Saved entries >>
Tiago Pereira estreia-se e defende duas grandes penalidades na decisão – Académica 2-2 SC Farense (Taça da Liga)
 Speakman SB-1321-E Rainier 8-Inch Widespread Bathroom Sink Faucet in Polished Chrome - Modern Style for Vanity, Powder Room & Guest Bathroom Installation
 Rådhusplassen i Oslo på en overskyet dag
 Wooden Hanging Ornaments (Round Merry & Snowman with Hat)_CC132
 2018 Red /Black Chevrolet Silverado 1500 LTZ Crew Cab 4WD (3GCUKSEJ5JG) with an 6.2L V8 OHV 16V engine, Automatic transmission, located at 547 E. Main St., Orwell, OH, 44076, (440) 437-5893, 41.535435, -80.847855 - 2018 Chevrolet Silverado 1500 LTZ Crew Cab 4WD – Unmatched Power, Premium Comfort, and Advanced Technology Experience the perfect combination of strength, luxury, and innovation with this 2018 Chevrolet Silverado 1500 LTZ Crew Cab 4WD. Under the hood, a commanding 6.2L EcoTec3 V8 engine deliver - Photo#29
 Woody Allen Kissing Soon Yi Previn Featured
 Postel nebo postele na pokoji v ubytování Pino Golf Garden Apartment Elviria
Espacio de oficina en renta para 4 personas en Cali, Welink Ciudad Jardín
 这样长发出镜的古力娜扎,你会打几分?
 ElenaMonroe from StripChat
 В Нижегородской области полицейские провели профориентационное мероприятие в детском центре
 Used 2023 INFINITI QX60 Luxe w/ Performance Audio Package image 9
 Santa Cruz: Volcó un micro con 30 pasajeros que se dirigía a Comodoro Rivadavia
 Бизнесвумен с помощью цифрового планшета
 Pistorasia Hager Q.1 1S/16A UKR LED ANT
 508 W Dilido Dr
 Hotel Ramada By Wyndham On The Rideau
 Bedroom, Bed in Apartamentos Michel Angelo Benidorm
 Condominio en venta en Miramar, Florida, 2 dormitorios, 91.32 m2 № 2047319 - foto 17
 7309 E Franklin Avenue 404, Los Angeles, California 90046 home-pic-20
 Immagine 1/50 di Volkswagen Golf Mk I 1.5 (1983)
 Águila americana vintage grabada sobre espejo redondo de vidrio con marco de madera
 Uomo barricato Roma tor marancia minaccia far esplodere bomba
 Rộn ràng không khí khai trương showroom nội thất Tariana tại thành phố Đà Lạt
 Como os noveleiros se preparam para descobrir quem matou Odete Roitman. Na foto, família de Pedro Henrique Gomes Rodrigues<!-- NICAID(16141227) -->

What you are asked to do >>
In your reply, restate exactly the lines from the start of the records above through the line holding "Wooden Hanging Ornaments", including both, and nothing else.

Answer box >>
Tiago Pereira estreia-se e defende duas grandes penalidades na decisão – Académica 2-2 SC Farense (Taça da Liga)
 Speakman SB-1321-E Rainier 8-Inch Widespread Bathroom Sink Faucet in Polished Chrome - Modern Style for Vanity, Powder Room & Guest Bathroom Installation
 Rådhusplassen i Oslo på en overskyet dag
 Wooden Hanging Ornaments (Round Merry & Snowman with Hat)_CC132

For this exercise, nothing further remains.